After filtering to 63,000 images within a more constrained normalization range, results improved dramatically, with generated designs showing strong correlation to diagonal (perfect prediction) lines. This highlights the critical importance of data curation—a lesson that transfers directly to LLM training and fine-tuning contexts.
### CPU vs GPU Anomaly
An unexpected finding was that CPU training produced better-quality results than GPU training in some cases, even when running identical architectures and hyperparameters. The GPU results showed "flat line" predictions while CPU results showed the expected variance and correlation. The team acknowledged they do not yet fully understand this phenomenon and are still investigating.

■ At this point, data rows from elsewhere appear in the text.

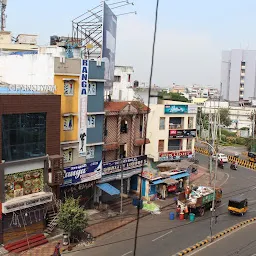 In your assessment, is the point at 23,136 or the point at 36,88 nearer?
the point at 23,136

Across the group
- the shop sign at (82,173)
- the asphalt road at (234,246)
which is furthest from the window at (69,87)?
the asphalt road at (234,246)

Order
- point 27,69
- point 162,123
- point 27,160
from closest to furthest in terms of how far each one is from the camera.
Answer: point 27,160 → point 27,69 → point 162,123

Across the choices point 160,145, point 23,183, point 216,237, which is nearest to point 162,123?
point 160,145

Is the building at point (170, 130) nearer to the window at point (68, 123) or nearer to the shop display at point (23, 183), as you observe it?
the window at point (68, 123)

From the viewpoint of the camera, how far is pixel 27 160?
20406mm

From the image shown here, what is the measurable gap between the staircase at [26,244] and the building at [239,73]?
3553 inches

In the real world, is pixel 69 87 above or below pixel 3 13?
below

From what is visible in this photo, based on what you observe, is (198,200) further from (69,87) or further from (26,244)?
(26,244)

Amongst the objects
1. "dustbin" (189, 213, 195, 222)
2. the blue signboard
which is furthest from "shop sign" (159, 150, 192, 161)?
"dustbin" (189, 213, 195, 222)

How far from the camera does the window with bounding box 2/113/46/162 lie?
63.7 feet

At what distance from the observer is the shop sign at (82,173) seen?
23453mm

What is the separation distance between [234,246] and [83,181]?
31.0 feet

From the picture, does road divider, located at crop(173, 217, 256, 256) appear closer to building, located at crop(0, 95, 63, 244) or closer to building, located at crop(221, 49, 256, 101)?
building, located at crop(0, 95, 63, 244)

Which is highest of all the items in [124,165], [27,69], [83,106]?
[27,69] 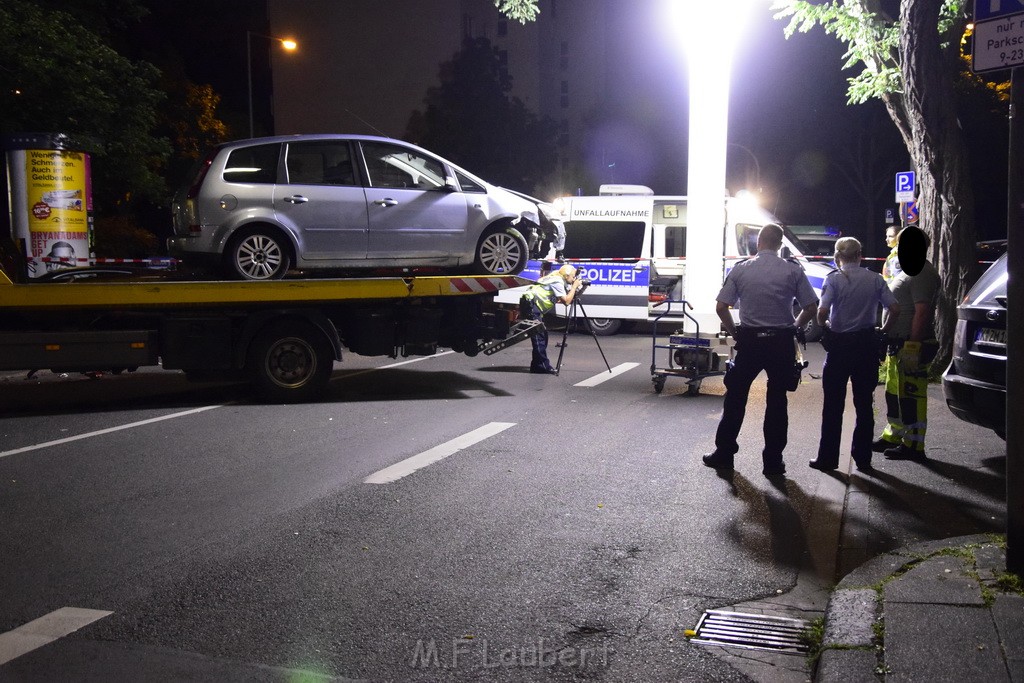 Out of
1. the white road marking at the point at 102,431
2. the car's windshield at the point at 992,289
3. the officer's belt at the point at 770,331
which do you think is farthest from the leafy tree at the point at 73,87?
the car's windshield at the point at 992,289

This candid admission is noteworthy and suggests that GPU training for cGANs with embedded numerical precision requirements may require different architectural considerations than traditional image generation tasks where qualitative assessment is sufficient.

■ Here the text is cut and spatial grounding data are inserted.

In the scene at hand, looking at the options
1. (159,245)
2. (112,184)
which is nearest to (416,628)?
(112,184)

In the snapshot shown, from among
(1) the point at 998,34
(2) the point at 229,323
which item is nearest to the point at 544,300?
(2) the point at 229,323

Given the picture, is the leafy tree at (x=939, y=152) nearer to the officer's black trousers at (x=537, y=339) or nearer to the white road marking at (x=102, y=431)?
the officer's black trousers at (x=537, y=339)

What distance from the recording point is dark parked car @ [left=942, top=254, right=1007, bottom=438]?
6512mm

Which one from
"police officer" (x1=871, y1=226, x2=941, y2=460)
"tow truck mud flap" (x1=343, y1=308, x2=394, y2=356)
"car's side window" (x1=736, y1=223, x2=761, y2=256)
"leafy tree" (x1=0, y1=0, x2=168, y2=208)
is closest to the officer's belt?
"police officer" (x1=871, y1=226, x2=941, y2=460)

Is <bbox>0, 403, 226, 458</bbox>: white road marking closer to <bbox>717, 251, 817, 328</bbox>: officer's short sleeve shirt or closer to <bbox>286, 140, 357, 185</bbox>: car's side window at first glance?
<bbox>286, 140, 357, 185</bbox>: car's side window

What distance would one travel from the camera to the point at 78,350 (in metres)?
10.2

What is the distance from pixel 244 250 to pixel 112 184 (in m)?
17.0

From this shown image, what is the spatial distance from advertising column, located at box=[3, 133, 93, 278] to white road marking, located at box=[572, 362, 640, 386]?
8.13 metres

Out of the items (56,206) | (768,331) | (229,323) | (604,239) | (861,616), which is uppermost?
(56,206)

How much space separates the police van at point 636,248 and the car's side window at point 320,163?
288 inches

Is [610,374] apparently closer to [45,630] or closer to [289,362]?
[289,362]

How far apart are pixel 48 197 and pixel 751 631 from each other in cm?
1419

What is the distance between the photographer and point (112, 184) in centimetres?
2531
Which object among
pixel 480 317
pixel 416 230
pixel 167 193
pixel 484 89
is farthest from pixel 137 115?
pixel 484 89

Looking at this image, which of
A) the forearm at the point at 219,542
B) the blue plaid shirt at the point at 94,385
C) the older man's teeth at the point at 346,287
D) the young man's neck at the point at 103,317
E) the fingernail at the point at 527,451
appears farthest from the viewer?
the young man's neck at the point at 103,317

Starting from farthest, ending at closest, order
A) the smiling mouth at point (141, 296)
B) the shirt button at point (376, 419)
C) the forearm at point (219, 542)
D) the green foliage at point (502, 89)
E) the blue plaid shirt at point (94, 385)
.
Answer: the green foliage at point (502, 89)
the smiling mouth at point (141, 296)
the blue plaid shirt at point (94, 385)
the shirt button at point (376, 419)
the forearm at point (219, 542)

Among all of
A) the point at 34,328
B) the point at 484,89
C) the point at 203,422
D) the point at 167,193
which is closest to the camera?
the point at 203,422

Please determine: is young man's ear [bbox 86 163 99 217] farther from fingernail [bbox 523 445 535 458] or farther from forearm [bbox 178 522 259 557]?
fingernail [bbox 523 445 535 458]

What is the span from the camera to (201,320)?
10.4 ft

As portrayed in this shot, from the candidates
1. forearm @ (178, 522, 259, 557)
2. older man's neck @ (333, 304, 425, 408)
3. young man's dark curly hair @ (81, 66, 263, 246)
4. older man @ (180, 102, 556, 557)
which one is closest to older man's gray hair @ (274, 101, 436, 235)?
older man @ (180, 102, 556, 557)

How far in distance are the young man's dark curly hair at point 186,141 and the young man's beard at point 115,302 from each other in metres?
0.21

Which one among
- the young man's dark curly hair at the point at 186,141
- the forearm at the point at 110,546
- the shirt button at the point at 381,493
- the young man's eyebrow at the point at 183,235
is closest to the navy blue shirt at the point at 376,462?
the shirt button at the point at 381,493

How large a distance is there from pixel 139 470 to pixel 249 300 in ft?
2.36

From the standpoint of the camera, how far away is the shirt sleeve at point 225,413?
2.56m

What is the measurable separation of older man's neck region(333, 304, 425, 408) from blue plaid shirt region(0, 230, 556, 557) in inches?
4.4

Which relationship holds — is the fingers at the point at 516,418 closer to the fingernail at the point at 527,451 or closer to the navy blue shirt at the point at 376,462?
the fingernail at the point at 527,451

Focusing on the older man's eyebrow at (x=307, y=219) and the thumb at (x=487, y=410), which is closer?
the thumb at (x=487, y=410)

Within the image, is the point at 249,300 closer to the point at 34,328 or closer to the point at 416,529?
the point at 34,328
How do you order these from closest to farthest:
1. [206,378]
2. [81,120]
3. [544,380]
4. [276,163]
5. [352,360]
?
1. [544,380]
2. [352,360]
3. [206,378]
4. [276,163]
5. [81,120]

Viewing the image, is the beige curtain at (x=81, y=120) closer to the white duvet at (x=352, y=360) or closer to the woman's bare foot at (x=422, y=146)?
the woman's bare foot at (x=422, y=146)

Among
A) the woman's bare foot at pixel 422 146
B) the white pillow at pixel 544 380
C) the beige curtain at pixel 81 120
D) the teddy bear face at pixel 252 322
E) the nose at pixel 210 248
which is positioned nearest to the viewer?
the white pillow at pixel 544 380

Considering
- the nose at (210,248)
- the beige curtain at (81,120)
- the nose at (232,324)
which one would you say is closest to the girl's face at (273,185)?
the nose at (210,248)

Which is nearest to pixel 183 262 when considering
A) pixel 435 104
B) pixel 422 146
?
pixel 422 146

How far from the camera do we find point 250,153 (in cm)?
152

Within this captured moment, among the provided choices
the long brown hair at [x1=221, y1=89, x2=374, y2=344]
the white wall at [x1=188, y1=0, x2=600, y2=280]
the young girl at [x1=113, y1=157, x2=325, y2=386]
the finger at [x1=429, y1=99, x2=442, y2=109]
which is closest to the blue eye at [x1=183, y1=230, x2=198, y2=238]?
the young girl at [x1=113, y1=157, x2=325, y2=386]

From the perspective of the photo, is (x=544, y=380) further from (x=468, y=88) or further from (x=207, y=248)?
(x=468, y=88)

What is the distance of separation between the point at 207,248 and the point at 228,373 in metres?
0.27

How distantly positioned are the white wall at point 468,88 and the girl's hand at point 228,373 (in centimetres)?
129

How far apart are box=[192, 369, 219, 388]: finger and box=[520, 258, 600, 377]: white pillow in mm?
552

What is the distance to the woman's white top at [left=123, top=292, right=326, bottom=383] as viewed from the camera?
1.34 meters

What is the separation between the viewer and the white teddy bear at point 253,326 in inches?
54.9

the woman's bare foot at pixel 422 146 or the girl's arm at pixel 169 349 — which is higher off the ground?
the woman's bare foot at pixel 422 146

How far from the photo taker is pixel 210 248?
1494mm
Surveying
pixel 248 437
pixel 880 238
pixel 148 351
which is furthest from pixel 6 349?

## Current Limitations and Future Work
The team is actively investigating:
- **Loss function optimization**: Literature suggests different loss functions (KL Divergence, Wasserstein with gradient penalty, Jensen-Shannon, etc.) may significantly impact model performance
- **Configuration parameter sensitivity**: Understanding how learning rates, epoch counts, filter counts, and network depth affect different types of training data
- **3D model generation**: Moving beyond 2D image-based representations to true 3D models, as actual aerospace products are three-dimensional. Early experiments with 3D models, including turbine blades, show promising results
- **Handling unconverged simulations**: Embedding knowledge of failed simulation parameters to tell the neural network which design spaces to avoid
- **Multi-objective optimization**: Real aerospace designs must satisfy multiple conflicting requirements (e.g., reduce weight while increasing efficiency). The current single-glyph approach handles only one objective at a time
## Assessment and Considerations
This case study demonstrates a sophisticated approach to applying generative AI in a highly regulated industrial context. The governance model—using transfer learning to keep sensitive data local while leveraging cloud compute for pre-training—is a pragmatic solution that other regulated industries might consider.

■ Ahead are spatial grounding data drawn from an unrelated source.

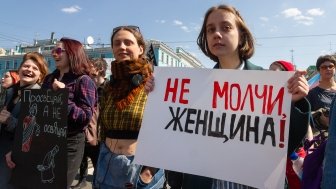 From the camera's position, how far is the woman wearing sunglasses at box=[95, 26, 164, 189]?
A: 216cm

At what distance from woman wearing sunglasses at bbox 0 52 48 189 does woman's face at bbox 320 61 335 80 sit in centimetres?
346

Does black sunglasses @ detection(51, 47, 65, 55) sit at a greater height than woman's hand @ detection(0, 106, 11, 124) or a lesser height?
greater

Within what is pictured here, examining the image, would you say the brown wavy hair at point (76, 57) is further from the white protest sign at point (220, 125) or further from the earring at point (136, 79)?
the white protest sign at point (220, 125)

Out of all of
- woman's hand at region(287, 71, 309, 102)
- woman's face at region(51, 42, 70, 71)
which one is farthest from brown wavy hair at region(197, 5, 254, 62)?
woman's face at region(51, 42, 70, 71)

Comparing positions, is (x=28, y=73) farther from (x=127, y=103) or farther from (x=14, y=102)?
(x=127, y=103)

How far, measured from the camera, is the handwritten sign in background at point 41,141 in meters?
2.55

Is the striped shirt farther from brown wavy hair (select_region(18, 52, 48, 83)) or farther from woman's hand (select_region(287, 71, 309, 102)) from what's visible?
brown wavy hair (select_region(18, 52, 48, 83))

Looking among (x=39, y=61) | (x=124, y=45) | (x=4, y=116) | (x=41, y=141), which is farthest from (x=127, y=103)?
(x=39, y=61)

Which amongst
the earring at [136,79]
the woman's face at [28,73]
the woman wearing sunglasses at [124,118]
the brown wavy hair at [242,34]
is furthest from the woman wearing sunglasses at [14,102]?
the brown wavy hair at [242,34]

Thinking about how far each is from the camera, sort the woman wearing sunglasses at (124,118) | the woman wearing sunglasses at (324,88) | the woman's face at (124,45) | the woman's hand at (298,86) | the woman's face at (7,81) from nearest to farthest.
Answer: the woman's hand at (298,86) → the woman wearing sunglasses at (124,118) → the woman's face at (124,45) → the woman's face at (7,81) → the woman wearing sunglasses at (324,88)

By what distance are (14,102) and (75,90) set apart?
838 millimetres

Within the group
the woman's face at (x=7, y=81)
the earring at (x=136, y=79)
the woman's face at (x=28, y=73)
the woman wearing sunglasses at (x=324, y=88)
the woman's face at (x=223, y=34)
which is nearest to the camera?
A: the woman's face at (x=223, y=34)

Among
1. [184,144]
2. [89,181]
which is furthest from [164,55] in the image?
[184,144]

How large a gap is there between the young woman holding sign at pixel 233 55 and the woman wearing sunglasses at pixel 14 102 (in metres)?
1.59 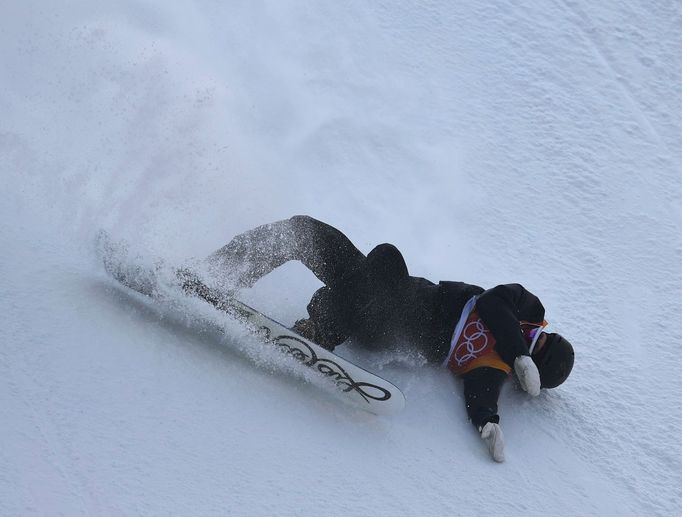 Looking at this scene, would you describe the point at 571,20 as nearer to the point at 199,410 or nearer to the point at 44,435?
the point at 199,410

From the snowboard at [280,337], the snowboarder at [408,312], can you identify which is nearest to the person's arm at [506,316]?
the snowboarder at [408,312]

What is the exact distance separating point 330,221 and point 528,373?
1296 mm

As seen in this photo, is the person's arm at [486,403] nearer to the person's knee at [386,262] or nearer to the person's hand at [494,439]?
the person's hand at [494,439]

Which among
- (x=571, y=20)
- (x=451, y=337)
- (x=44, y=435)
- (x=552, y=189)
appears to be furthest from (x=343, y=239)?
(x=571, y=20)

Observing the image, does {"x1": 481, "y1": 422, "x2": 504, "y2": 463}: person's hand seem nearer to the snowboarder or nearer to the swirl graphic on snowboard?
the snowboarder

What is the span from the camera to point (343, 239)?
103 inches

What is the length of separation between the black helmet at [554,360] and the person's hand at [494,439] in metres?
0.30

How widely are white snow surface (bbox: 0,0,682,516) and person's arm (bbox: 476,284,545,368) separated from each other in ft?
0.84

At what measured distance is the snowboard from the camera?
237 centimetres

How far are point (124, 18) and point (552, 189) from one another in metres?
2.50

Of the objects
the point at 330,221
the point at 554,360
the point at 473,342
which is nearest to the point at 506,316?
the point at 473,342

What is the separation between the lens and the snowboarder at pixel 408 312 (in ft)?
8.21

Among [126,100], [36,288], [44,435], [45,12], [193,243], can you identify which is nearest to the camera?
[44,435]

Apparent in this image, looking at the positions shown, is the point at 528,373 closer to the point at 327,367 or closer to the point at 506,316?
the point at 506,316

However, several caveats should be noted. The technology is still at the "example use case" stage, not yet applied to actual production components. The unexpected CPU vs GPU discrepancy suggests the approach is not yet fully mature. The requirement for physics-based validation of every generated design means this is augmentation of, not replacement for, traditional simulation workflows.
The collaboration model between Rolls-Royce, Databricks, and University of Southampton appears effective, combining domain expertise, cloud infrastructure, and academic research. The use of MLflow for complete experiment traceability is particularly well-suited to the aerospace industry's stringent documentation requirements.